A pesar de este contexto antisocial, en las altas esferas económico-financieras, políticas y mediáticas domina un consenso que eleva la austeridad de las cuentas públicas a la categoría de dogma indiscutible para salir de la crisis. ¿Indiscutible? No tanto, si tenemos en cuenta que el tan cacareado principio de austeridad forma parte, en la práctica, del recetario neoliberal: reducción del gasto público en su dimensión social, privatización de empresas y servicios públicos, facilidad para el despido de trabajadores, sistema fiscal favorable a las grandes fortunas.

Este panorama justifica por sí sólo que la "indignación", excluidada del actual sistema representativo, ocupe calles y plazas.

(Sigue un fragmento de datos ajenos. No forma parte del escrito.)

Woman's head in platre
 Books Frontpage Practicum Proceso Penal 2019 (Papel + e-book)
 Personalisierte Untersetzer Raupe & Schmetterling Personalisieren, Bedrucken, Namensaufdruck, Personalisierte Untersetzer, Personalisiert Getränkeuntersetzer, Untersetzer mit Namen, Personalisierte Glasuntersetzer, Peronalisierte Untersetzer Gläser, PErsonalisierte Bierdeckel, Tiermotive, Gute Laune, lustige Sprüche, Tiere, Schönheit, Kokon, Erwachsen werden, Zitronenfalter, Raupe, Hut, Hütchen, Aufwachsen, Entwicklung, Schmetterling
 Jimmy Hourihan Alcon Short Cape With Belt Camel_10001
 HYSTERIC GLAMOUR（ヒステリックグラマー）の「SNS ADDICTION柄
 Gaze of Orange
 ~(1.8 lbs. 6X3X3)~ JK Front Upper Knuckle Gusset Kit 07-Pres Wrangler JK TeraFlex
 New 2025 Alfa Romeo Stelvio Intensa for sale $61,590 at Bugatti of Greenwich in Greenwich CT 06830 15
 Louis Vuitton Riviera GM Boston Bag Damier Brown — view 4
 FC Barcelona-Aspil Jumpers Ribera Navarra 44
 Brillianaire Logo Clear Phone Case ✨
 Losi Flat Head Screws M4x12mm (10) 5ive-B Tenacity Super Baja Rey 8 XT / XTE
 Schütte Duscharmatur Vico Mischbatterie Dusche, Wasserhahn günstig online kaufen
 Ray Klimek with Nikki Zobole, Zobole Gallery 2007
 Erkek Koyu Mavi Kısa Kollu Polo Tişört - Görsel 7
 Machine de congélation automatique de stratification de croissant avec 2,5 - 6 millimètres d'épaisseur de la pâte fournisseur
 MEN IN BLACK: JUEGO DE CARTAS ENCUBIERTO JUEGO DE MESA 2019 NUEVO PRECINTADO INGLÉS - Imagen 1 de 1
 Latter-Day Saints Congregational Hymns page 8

El compromiso derivado de la indignación debe demostrar que el progreso económico, político y humano sólo puede proceder de la justa distribución del poder y la riqueza, la satisfacción de los derechos individuales y colectivos, la representación equilibrada de la pluralidad social en las instituciones y la apertura de canales para la participación directa de la ciudadanía en los asuntos públicos. Existen medidas para llevar a la práctica estos objetivos: la recuperación del papel del Estado en la dinamización de la economía y la creación de empleo, el establecimiento de un sistema que grave las grandes fortunas y ponga a disposición de la sociedad los recursos procedentes del fraude fiscal, la creación de una banca pública que facilite el acceso al crédito de las pequeñas y medianas empresas, la investigación para la implantación de iniciativas novedosas como la Renta Básica de Ciudadanía, el impulso a las transferencias de recursos desde el gasto realmente superfluo (gasto militar, sobresueldos de la mayor parte de los representantes políticos, subvenciones desmesuradas a la Iglesia Católica...) a las necesidades sociales, el establecimiento de un salario ético para los representantes públicos, la erradicación de la corrupción política, la implantación de una normativa electoral que garantice una representatividad real de la ciudadanía, la elaboración de criterios éticos en los medios de comunicación... Es cierto que la reciente victoria electoral de los delegados naturales del neoliberalismo supone un serio revés a estas aspiraciones, pero el tiempo histórico pondrá en evidencia que una democracia real no sólo es posible sino necesaria.